After about half an hour we are told that the island is indeed habited and is in fact a military installation. The good news is that we have the go ahead to land on the island and in fact there is a great deal of interest in us from the inhabitants who rarely see strangers let alone a ship of our type.

This morning there are two options available, the first is a landing on the atoll in the morning and a reef snorkel in the afternoon or vice versa. Kelly and I decide to start with a snorkel and finish with the atoll.

While most of the passengers head to the island six of us head out with Mick to the reef. He’s got two zodiacs tethered together and he let’s us know there’s quite a strong current and to be careful not to drift too far.
Approaching the tethered zodiacs at the reef

Without further ado, it’s into the water. Kelly gets her revenge for my close-up snorkel shot by doing the same to me.
Is this a good look?

The current and the shallow depth of water over the reef really pushes you around and there are quite a lot of particles in the water churned up by the waves coming in over the reef. I manage to get a couple of shots of fish that I can’t identify (Mick where are you?)
Reef Fish

After an hour or so we get called back to the zodiacs by Mick, apparently there’s a problem on the atoll and they need all the zodiacs asap. We climb back onboard and head back to the Orion.

Once back on board, the zodiacs head for the atoll and the few of us who were snorkelling gather on the Delphinus deck to see what’s going on. In the distance we can see a long line of passengers, knee deep in the lagoon, stretching from almost the end of the jetty to the deep water where the zodiac are waiting.
Atoll evacuation

As I mentioned earlier, Orion hadn’t visited the atoll before and no one knew that the receding tide would have such an effect on the zodiac’s ability to get in close to the island shore. This meant that as the tide receded the passengers would have to negotiate a trek through the lagoon to the deeper water where the zodiacs could approach. Unfortunately the coral and rocks of the lagoon made it a bit more difficult than it looks and what with carrying camera gear etc it was a bit tricky to negotiate.

Also one of the requirements on Orion is that we wear life vests, now these life vests are self inflating if they come into contact with water.  I hear a couple of those walking out to the zodiacs accidentally slipped into the water and found out the jackets really do work!
Coming back to Orion

Eventually all of the passengers were back onboard safe and sound. The only bad thing about the tide going out was that there wouldn’t be a second trip to the atoll so we had to be content with our reef snorkel.

If you want more information on the atoll visit Justin’s blog on the Mapia Atoll, where he’s got pictures and stories of the visit.

By 14:00 hours we were underway again and sailing for McClure Gulf. It’s a bit of a quiet afternoon but there is a bit of action as the crew undergo a General Emergency Drill and they are running all over the ship.

There’s a great presentation by Mick entitled “What fish is that?” and I wish I’d paid a lot more attention or had the presence of mind to video the damn thing. Maybe then I’d be able to identify these fish pictures.

It’s a beautiful sunset this evening and the waters are very calm.
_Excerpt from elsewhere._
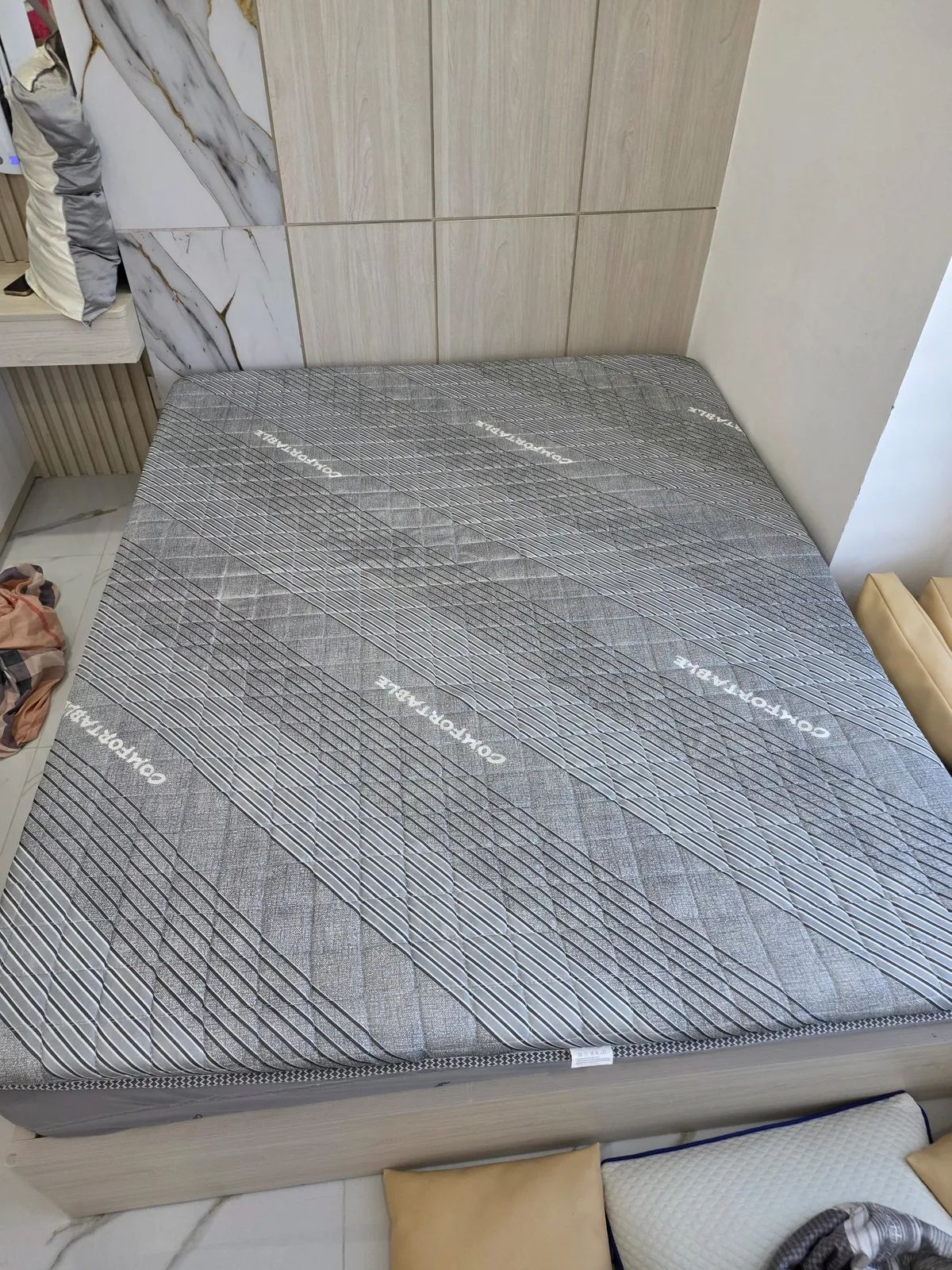 В связи с переездом продам практически новый топпер 160см (спали всего 2 недели). Покупали за 880к, отдам за 500к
I head up to deck 6 and spend a bit of time shooting the sunset with my fisheye lens.
Sunset from the bow of Orion

Later that evening it’s time for a “South Pacific Island Buffet” on the Delphinus lounge with a fantastic bbq of seafood followed by a bit of wild dancing into the wee hours of the morning.

Arriving back in the stateroom, waiting for us on the bed, are our certificates that prove we are no longer Pollywogs!